Exercise
Pictures stay out; print the rest of the listing below exactly as it stands.

Dataset section
╭──
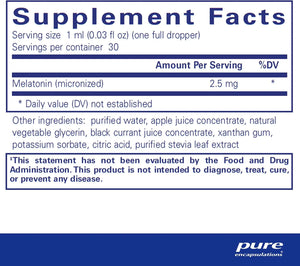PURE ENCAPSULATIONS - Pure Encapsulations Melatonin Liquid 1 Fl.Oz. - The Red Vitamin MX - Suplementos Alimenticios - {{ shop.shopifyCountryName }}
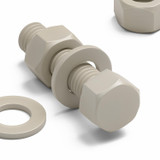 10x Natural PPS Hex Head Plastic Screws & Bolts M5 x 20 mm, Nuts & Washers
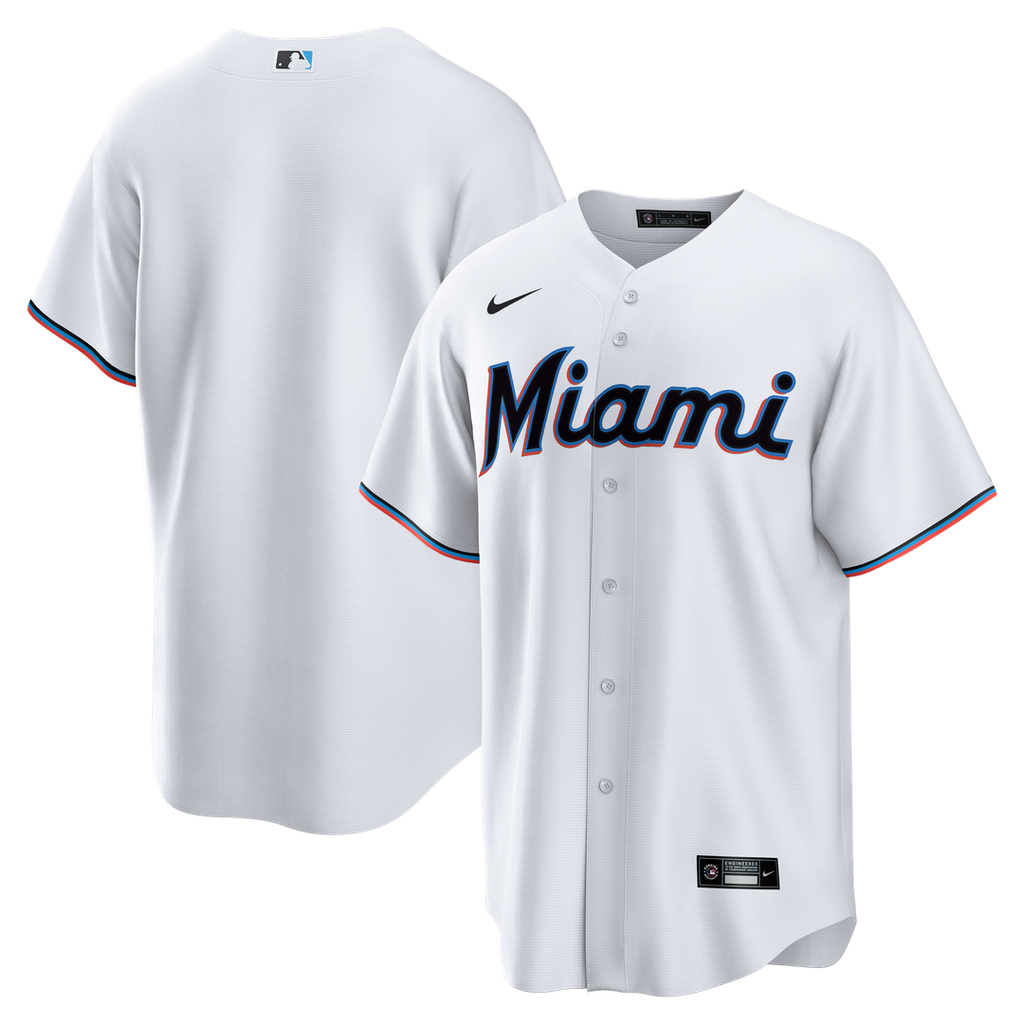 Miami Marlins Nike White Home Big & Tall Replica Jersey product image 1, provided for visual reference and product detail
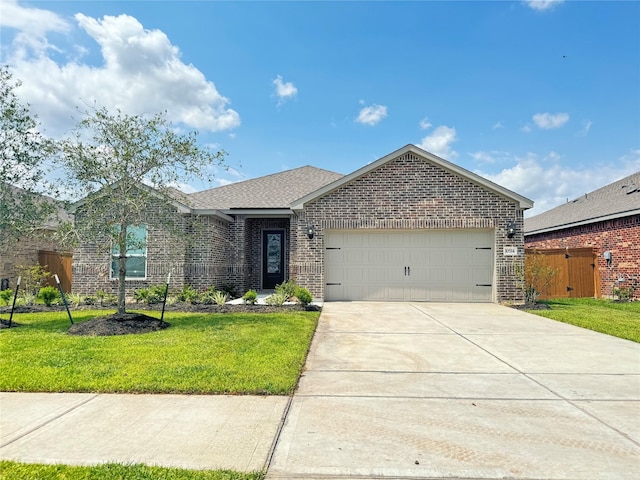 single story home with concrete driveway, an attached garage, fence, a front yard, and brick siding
╰──
Answer
PURE ENCAPSULATIONS - Pure Encapsulations Melatonin Liquid 1 Fl.Oz. - The Red Vitamin MX - Suplementos Alimenticios - {{ shop.shopifyCountryName }}
 10x Natural PPS Hex Head Plastic Screws & Bolts M5 x 20 mm, Nuts & Washers
 Miami Marlins Nike White Home Big & Tall Replica Jersey product image 1, provided for visual reference and product detail
 single story home with concrete driveway, an attached garage, fence, a front yard, and brick siding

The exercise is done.